Todo microssistema tem por tendência repetir as situações e relações existentes no
sistema maior. Assim, os migrantes que vieram a partir de um segundo ciclo de expansão industrial - os anos 70, quando havia inclusive as
perspectivas de um emprego nas obras da Imigrantes - já encontram estabelecidas as regras de dominação econômica nas próprias favelas: são obrigados
a pagar aluguel (geralmente abusivos) a outras pessoas, que constroem vários barracos e passam a explorar, da mesma forma que antes eram explorados.

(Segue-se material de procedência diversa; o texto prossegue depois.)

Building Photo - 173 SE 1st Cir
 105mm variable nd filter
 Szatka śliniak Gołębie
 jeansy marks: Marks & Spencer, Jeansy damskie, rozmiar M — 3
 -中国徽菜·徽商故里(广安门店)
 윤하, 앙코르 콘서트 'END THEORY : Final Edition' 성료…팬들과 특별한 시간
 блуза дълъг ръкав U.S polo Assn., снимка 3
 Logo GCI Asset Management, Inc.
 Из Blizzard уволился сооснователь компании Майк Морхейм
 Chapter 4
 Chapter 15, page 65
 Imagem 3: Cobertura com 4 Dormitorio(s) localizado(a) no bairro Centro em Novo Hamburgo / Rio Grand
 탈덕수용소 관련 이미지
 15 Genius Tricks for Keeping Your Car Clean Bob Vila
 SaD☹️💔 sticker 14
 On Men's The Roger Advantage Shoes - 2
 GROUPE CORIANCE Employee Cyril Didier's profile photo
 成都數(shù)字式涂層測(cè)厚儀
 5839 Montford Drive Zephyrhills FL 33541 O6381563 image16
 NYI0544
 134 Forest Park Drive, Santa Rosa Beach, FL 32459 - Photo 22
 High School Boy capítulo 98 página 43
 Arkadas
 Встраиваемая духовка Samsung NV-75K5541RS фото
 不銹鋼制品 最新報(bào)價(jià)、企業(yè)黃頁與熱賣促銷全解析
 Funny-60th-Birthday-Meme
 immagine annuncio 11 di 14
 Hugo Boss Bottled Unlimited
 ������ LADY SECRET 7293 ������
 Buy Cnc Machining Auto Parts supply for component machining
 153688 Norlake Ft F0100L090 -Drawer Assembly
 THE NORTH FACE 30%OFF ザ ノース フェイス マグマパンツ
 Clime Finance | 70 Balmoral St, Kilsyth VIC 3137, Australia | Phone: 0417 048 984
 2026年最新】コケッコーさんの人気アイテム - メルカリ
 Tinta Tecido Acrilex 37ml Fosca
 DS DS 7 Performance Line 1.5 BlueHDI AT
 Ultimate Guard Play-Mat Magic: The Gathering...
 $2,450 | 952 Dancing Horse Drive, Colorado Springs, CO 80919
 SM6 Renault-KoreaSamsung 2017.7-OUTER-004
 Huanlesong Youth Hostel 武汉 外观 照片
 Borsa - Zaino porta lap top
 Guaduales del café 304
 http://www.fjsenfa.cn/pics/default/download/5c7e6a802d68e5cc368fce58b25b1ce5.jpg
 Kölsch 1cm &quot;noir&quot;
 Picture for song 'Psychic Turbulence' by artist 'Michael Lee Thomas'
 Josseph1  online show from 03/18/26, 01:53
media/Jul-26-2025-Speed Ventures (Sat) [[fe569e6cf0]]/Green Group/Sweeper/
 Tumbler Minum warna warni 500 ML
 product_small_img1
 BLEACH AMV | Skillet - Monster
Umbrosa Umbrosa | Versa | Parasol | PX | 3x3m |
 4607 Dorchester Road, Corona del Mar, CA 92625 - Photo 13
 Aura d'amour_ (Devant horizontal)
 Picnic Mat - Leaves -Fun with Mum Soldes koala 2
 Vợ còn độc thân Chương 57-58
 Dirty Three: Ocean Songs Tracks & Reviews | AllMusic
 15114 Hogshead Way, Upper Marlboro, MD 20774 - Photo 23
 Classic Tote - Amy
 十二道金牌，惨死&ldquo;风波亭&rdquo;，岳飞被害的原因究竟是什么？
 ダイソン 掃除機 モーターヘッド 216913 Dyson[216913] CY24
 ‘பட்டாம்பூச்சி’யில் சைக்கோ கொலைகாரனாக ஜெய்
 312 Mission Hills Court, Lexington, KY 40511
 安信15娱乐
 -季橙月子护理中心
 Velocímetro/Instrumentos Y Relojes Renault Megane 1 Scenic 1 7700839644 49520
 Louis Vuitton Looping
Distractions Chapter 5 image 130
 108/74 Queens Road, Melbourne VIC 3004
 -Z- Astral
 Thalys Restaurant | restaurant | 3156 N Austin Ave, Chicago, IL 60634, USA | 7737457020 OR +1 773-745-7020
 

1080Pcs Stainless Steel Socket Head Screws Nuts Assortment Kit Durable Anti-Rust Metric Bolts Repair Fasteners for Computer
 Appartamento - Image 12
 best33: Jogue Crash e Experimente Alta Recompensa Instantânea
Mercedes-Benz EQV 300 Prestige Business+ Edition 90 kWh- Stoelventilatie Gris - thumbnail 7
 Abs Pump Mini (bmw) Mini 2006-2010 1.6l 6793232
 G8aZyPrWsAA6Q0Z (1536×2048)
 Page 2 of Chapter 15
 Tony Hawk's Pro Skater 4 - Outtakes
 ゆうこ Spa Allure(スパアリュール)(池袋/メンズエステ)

Parece significativo, também, o fato de que em uma população pouco superior a um
milhão de habitantes - em toda a Baixada -, mais de 300 mil vivem em favelas. O que nos leva de volta à questão já abordada anteriormente: que tipo
de progresso e desenvolvimento é esse?
O medo da reação - Voltemos a ouvir Lúcio Kovarick: "A condição de favelado
representa uma vulnerabilidade que o atinge não apenas enquanto morador; atinge-o também no cerne dos direitos civis, pois mais fácil e
freqüentemente pode ser confundido com 'malandros' e 'maloqueiros', que constituem objeto especial da ação policial. E muitos são
confundidos, o que faz com que, mesmo aqueles que não tenham passado pela experiência, interiorizem a iminência do perigo. Foco de batidas
policiais, a favela é também estigmatizada pelos habitantes "bem comportados" como antro de desordem que destoa da paisagem dos bairros melhor
providos, precisando ser removida para que a tranqüilidade volte a reinar no cotidiano das famílias que se sentem contaminadas pelo perigo da
proximidade dos barracos".
Célio Calestine com a palavra, complementando: "A alta burguesia paulista nunca irá
comprar um lote que fique perto de uma favela, por mais bela que seja a paisagem".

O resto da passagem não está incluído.